Additionally, Olga led the introduction of AI-powered anomaly detection into AML monitoring, creating a first-of-its-kind system that continuously learns from evolving fraud patterns. Her innovation prioritized high-risk alerts, auto-cleared low-risk cases, and significantly reduced false positives, allowing investigators to focus on genuine threats rather than being bogged down by unnecessary manual reviews. These innovations led to about a 10% reduction in labor costs, optimizing compliance operations without compromising regulatory integrity.
“Many think that AI replaces people, but it’s not true—it frees them,” says Olga. “Instead of getting stuck in routine compliance checks, specialists can focus on uncovering deeper risks and strengthening the bank’s security framework.”
Beyond Cost-Cutting
While AI helps reduce expenses, its true power lies in revenue optimization. AI-powered predictive analytics allow financial institutions to analyze consumer behavior, personalize offerings, and enhance customer engagement. Tiger Brokers, for example, leveraged AI to refine its market insights, improving profitability in its trading services.
"Nobody wants to be bombarded with irrelevant banking offers," says Olga. "AI allows banks to shift from a one-size-fits-all approach to something far more personal—offering customers only what truly fits their needs."
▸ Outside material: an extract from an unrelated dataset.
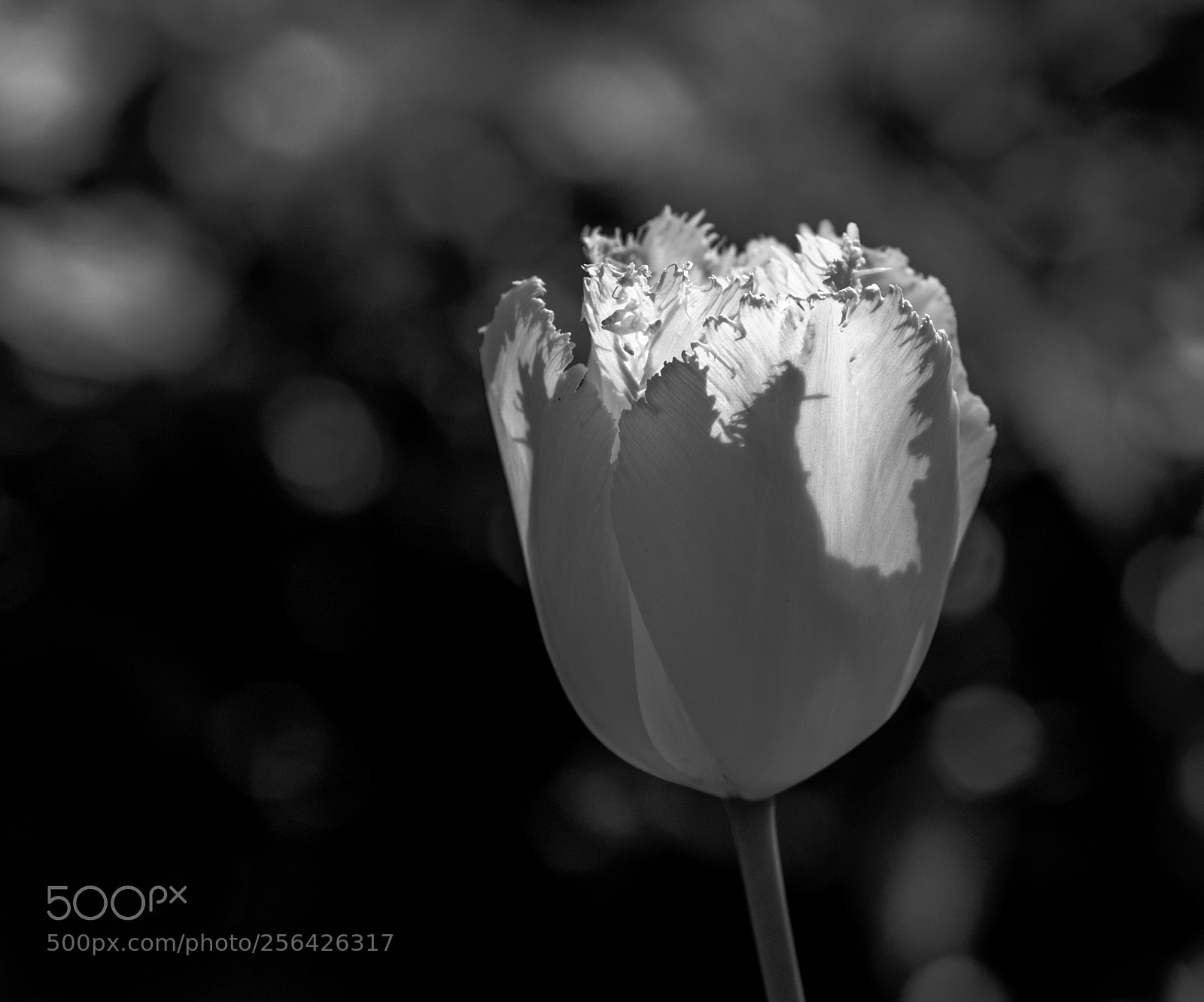 Canon EOS 7D Mark II sample photo. Tulpe in schwarz weiss photography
And that is what she achieved while developing an AI-powered system for a major Russian retail bank to help them better understand and serve their customers. Under Olga’s leadership, the system used smart analytics to predict the most relevant financial products — such as loans, savings plans, or investment options — for each customer based on their behavior and transaction history.
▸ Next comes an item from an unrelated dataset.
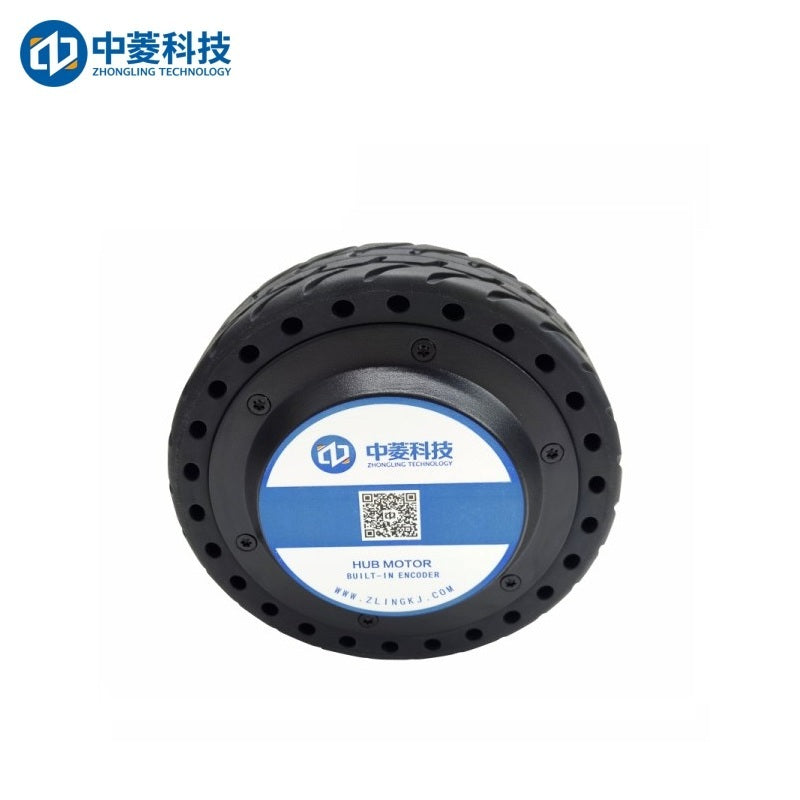 ZHONGLING ZLLG65-ASM250-L V3.15 Motor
Instead of relying on generic promotions, the system allowed the bank to deliver personalized, real-time recommendations, improving customer experience while maximizing sales efficiency. The AI-driven approach resulted in a 25–30% increase in conversion rates for client offers, doubled response rates to marketing campaigns compared to mass promotions, and significantly reduced acquisition costs. Additionally, improved customer targeting led to higher cross-sell opportunities, a 15% increase in customer retention, and overall revenue growth in the retail banking segment.
This AI-powered transformation set a new benchmark for personalized banking, with the model later being expanded across other product lines and customer segments, further driving efficiency and profitability.
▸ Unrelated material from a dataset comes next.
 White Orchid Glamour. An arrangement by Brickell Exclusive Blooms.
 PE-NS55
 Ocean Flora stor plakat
The Future of AI in Banking
The next phase of AI-driven financial optimization will go beyond automation, integrating self-learning algorithms that proactively adjust spending and workforce structures. Generative AI and deep learning models will soon predict cost trends, optimize procurement, and autonomously manage financial operations.
With over a decade of experience at the intersection of finance, technology, and AI, Olga remains committed to driving innovation in banking cost optimization. She believes AI will not only make financial institutions leaner but also more resilient.
“The future of AI in finance will make institutions stronger, more precise, and ready for anything. The banks that embrace this shift will lead the next financial revolution,” Olga claims.